C’est pour conjurer un chagrin d’amour qu’Evan Glodell s’est lancé dans l’aventure de son film. Il lui fallu plusieurs années pour aboutir à un scénario, convaincre ses proches d’y participer, réunir les US$17 000 pour le produire, puis tourner et monter son film. Face à tant de détermination, et surtout parce que le jeu en vaut la chandelle, nous sommes très fiers de vous proposer Bellflower. L’histoire de deux potes assez largués, fans de Mad Max et qui, pensant proche la fin du monde, se préparent à l’apocalypse. Cette préparation inclut la fabrication d’un lance flamme et d’une buick gravement tunée, devenue une « muscle car » nommée Medusa. Pas sûr que ça suffise, mais ce n’est pas grave puisqu’une love affair va bouleverser les plans. Et la fin du monde prendra une forme beaucoup plus personnelle. On peut sans doute voir des défauts dans ce film d’errance un peu post-adolescent. Mais l’on est obligé de reconnaître l’incroyable énergie qui le porte, la fraîcheur désespérée qui s’en dégage et tout le talent concentré devant et derrière la caméra. Loin du formatage de la majorité de la production US, Bellflower fait souffler un vent nouveau. Tourné en toute illégalité, il a glané pas mal de récompenses, a emballé la presse et nous avec.

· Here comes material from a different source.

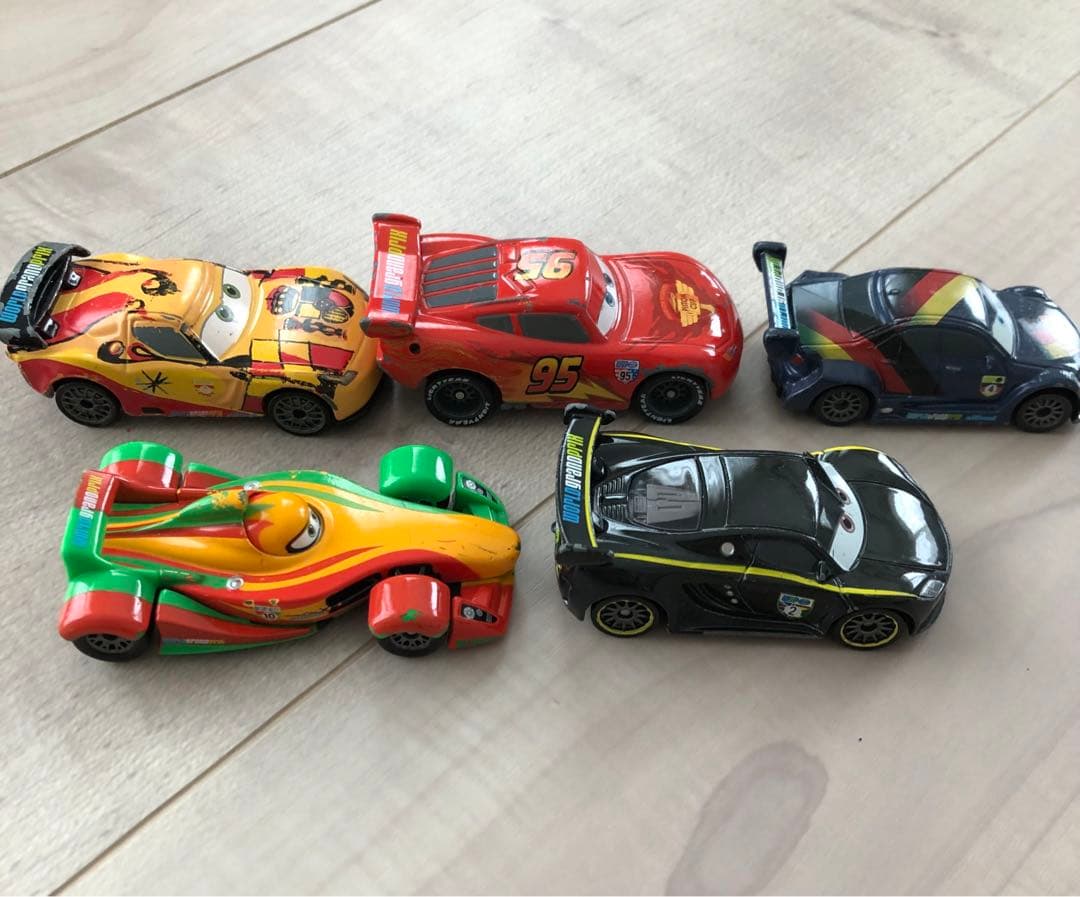 トミカ　カーズ　カーズ2 ワールドグランプリレーサーセット　廃盤　レア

A voir aussi une autre image de la jeunesse, plus ancienne puisqu’il s’agit de celle des années 50. Mais on trouve dans La Fureur de Vivre, le même amour des voitures puissantes et un certain désenchantement. L’Amérique quoi ! Et incarnée par James Dean. Pour fêter la ressortie sur une copie toute neuve de ce chef d’œuvre de Nicholas ray, nous vous proposons de réviser la carrière de ce grand cinéaste. Elle débute avec un film noir de série B, Les Amants de la Nuit, s’enchaîne avec Secret de Femme, un drame avec Maureen O’Hara et un autre polar, La Maison dans l’Ombre. Comme beaucoup de jeunes réalisateurs de l’époque, Ray se confronte à tous les genres, y compris le western, comme dans Les Indomptables, avec Robert Mitchum et surtout Johnny Guitar, où il réinvente les codes du genre, en donnant notamment la part belle aux dames. Après La Fureur de Vivre, il fera un nouveau passage par le western avec le Brigand bien-aimé, puis par le polar avec un Traquenard tendu par les magnifiques jambes de Cyd Charisse. Nick’s Movie, film hommage co-réalisé avec Wim Wenders termine ce programme.
L’Ange Bleu, de Von Sternberg, et French Cancan, de Jean Renoir, sont les deux rescapés de notre festival Chaud Business. Mais la vedette tient toujours le haut de l’affiche : dans Go Go Tales, Abel Ferrara nous fait entrer dans les coulisses d’un cabaret new yorkais. C’est joyeux, bordélique, un peu glauque parfois, mais drôlement attachant.
Terminons en redisant qu’Hugo Cabret est toujours à l’affiche et que l’on pourra voir le chemin parcouru par Martin Scorsese depuis Mean Streets, projeté samedi à 14h. Et n’oublions l’Enfance de l’Art qui nous a concocté une petite Soupe au Canard, où Leo McCarey dirige les Marx Brothers. On ne sait pas si, en l’espèce, « diriger » est le bon mot…
Bonne semaine, en attendant la prochaine dont le clou sera, dimanche 31 à 20h30, un ciné-concert avec So This is Paris, fameux muet de Lubitsch, ambiancé par Yannick Lestra au piano et de Remy Fox au saxophone.